This thread is intended to be more than a self indulgent rant, and more than a coming out party for the mentally ill. Sickness touches every one of us at some point in our lives. I'm not a doctor. I can't cure you, but if I can help just one of you a little bit, then my goal will be accomplished.

You might be thinking, "But Bob, what does this have to do with poker?" Truth is: not much, but we have a little community here. We should work to build a stronger community. There have been times in my life that I wouldn't even have considered sitting down at a poker table. At those times I found it difficult to eat, sleep, go to the store, use a phone, etc. Now, thanks to medication, experience, willful ignorance, and the support of great family and friends, I can play this great game that we gather here to discuss and study. Unfortunately, many sick people are left out in the cold, literally and figuratively. I feel that the rash of shootings this past year has worsened the social stigma associated with mental illness. This is the time when it's most important for us to stand up against this stigma. We should be educating the public, instead of hiding the truth.

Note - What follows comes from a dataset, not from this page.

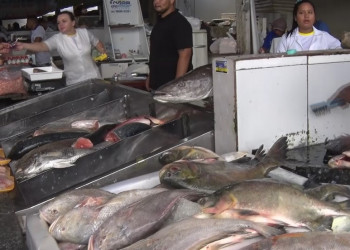 Consumidores teresinenses reclamam do aumento no preço dos peixes durante o período da quaresma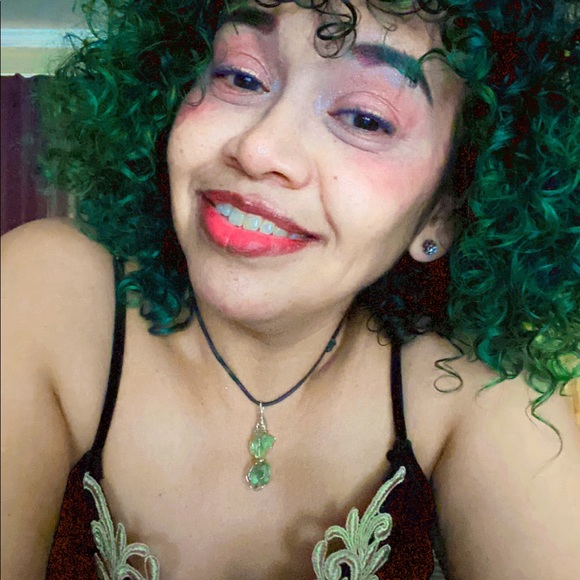 Meet your Posher, Chela - Picture 10 of 15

I realize that I might be burning some bridges here. Truth is that many, or most, of you wouldn't associate with me in real life. I don't blame you. I've been told before that I'm "clearly throwing the net out of the wrong side of the boat." Did it hurt my feelings? Meh. What that poster did for me was that he made me realize that even a joking post can influence the way others perceive me. We're not just talking poker here, but building relationships and communities. Let's just say that I've learned the hard way how not to post. You new guys paying attention?

Rewind to 1998:

I had been doing some soul searching over the previous few years. I studied Catholicism, Taoism, and a few others, but I couldn't find one that fit. I didn't believe in God anymore. I turned to science. I found quantum theory interesting and read more than a couple books about it.

I started college in the fall. My grades sucked. I didn't take it seriously. I dropped out. Then in the winter I did some experimenting with hallucinogenic drugs. This, coupled with a failing grip on reality, no thanks to quantum theory, led to early onset schizophrenia.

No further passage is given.